Among the entries that follow, the required portion opens with the line containing "Stabilisasi Energi Nasional" and closes with the line containing "Fundamentos de Matemática para a Estatística". Give that portion again exactly, and nothing else.

* _Record excerpts_
BEGIN
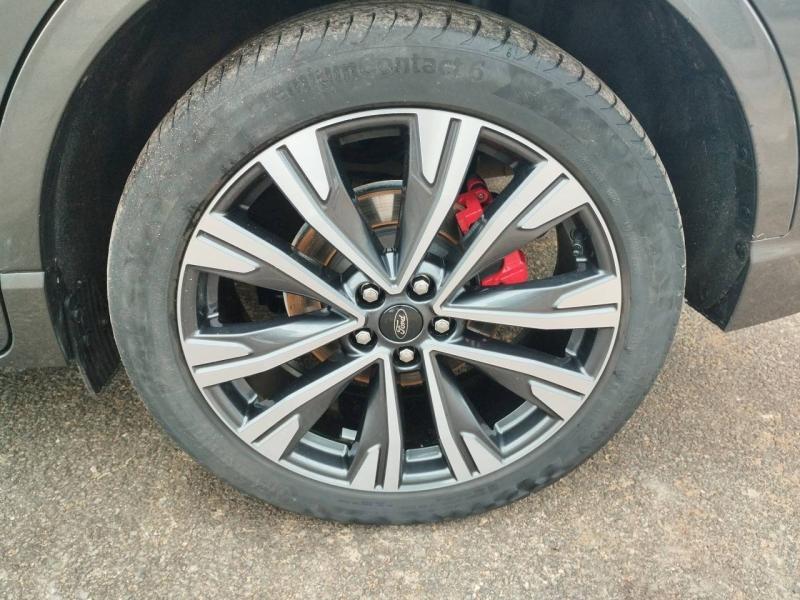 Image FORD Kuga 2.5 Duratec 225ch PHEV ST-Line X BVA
END
BEGIN
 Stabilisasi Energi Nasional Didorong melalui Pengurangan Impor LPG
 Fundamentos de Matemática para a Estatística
END
BEGIN
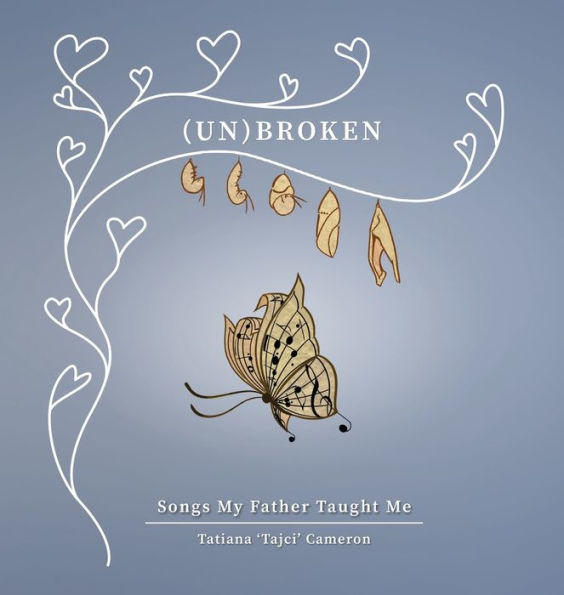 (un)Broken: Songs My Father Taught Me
END
* _Task response_
 Stabilisasi Energi Nasional Didorong melalui Pengurangan Impor LPG
 Fundamentos de Matemática para a Estatística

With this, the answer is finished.